Fix bug in tensordot and optimise slightly

Author: lshaw8317

src/blosc2/ndarray.py

@@ -4651,6 +4651,7 @@ def matmul(x1: NDArray | np.ndarray, x2: NDArray, **kwargs: Any) -> NDArray | np
     return result
 
 
+# @profile
 def tensordot(
     x1: NDArray, x2: NDArray, axes: int | tuple[Sequence[int], Sequence[int]] = 2, **kwargs: Any
 ) -> NDArray:
@@ -4688,74 +4689,133 @@ def tensordot(
     out: NDArray
         An array containing the tensor contraction whose shape consists of the non-contracted axes (dimensions) of the first array x1, followed by the non-contracted axes (dimensions) of the second array x2. The returned array must have a data type determined by Type Promotion Rules.
     """
+    fast_path = kwargs.pop("fast_path", None)  # for testing purposes
+
     # Added this to pass array-api tests (which use internal getitem to check results)

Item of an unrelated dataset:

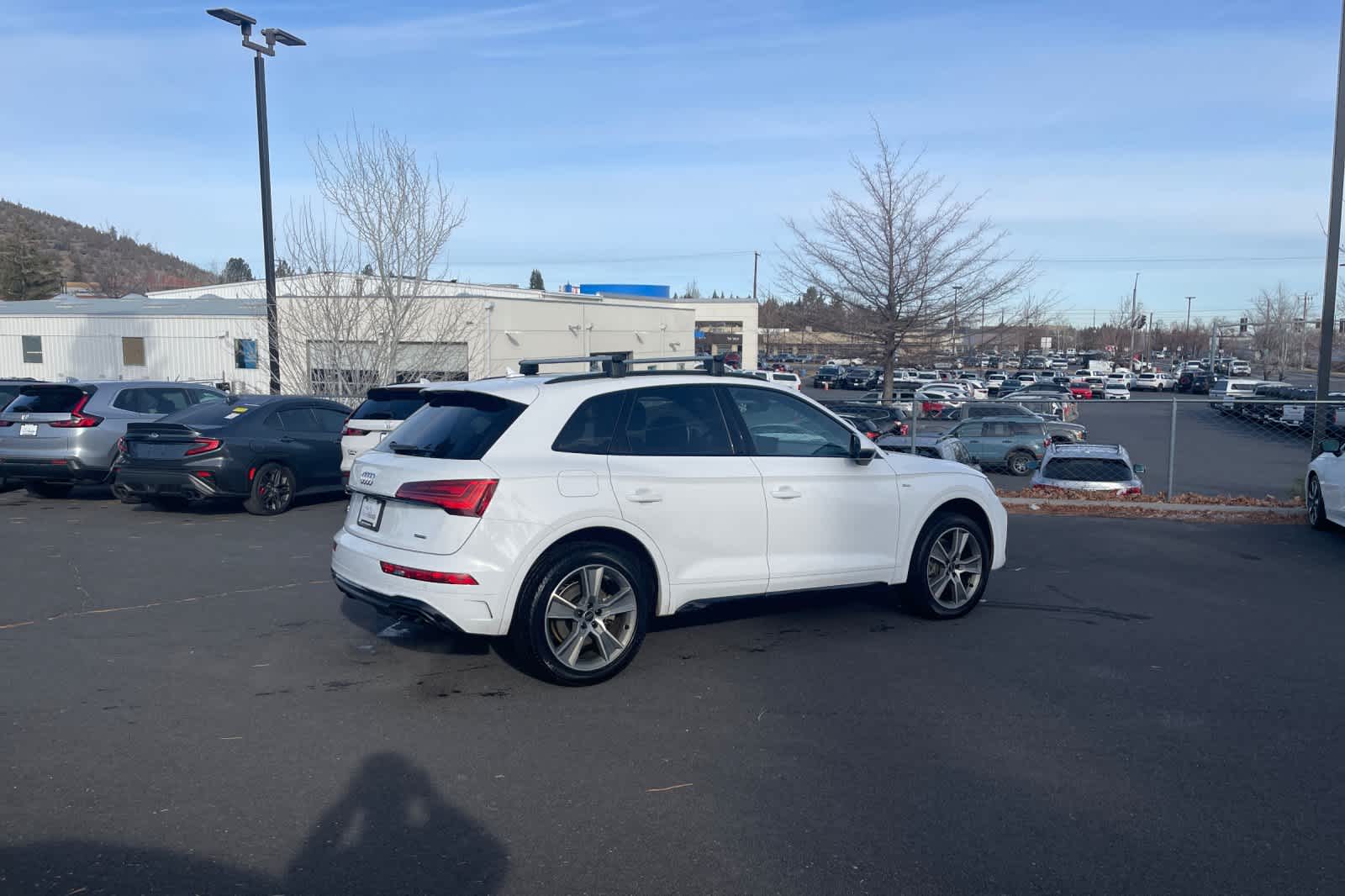 Thumbnail: 2025 Audi Q5 - 2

     if isinstance(x1, np.ndarray) and isinstance(x2, np.ndarray):
         return np.tensordot(x1, x2, axes=axes)
 
+    x1, x2 = blosc2.asarray(x1), blosc2.asarray(x2)
+
     if isinstance(axes, tuple):
         a_axes, b_axes = axes
+        a_axes = list(a_axes)
+        b_axes = list(b_axes)
         if len(a_axes) != len(b_axes):
             raise ValueError("Lengths of reduction axes for x1 and x2 must be equal!")
-        order = np.argsort(a_axes)
-        a_red_axes = [(i - x1.ndim in a_axes) or (i in a_axes) for i in range(x1.ndim)]

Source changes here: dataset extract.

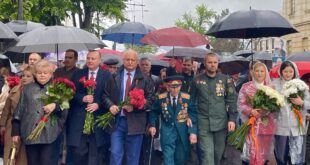 9 maggio Moldavia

-        b_red_axes = [(i - x2.ndim in b_axes) or (i in b_axes) for i in range(x2.ndim)]
+        # need to track order of b_axes; later we cycle through a_axes sorted for op_chunk
+        # a_sorted[inv_sort][b_sort] matches b_sorted since b_axes matches a_axes
+        inv_sort = np.argsort(np.argsort(a_axes))
+        b_sort = np.argsort(b_axes)
+        order = inv_sort[b_sort]
+        a_keep, b_keep = [True] * x1.ndim, [True] * x2.ndim
+        for i, j in zip(a_axes, b_axes, strict=False):
+            i = x1.ndim + i if i < 0 else i
+            j = x2.ndim + j if j < 0 else j
+            a_keep[i] = False
+            b_keep[j] = False
+        a_axes = [] if a_axes == () else a_axes  # handle no reduction
+        b_axes = [] if b_axes == () else b_axes  # handle no reduction
     elif isinstance(axes, int):
         if axes < 0:
             raise ValueError("Integer axes argument must be nonnegative!")
-        order = np.arange(axes, dtype=int)
-        a_red_axes = [i + axes >= x1.ndim for i in range(x1.ndim)]
-        b_red_axes = [i < axes for i in range(x2.ndim)]
+        order = np.arange(axes, dtype=int)  # no reordering required
+        a_axes = list(range(x1.ndim - axes, x1.ndim))
+        b_axes = list(range(0, axes))
+        a_keep = [i + axes < x1.ndim for i in range(x1.ndim)]
+        b_keep = [i >= axes for i in range(x2.ndim)]
     else:
         raise ValueError("Axes argument must be two element tuple of sequences or an integer.")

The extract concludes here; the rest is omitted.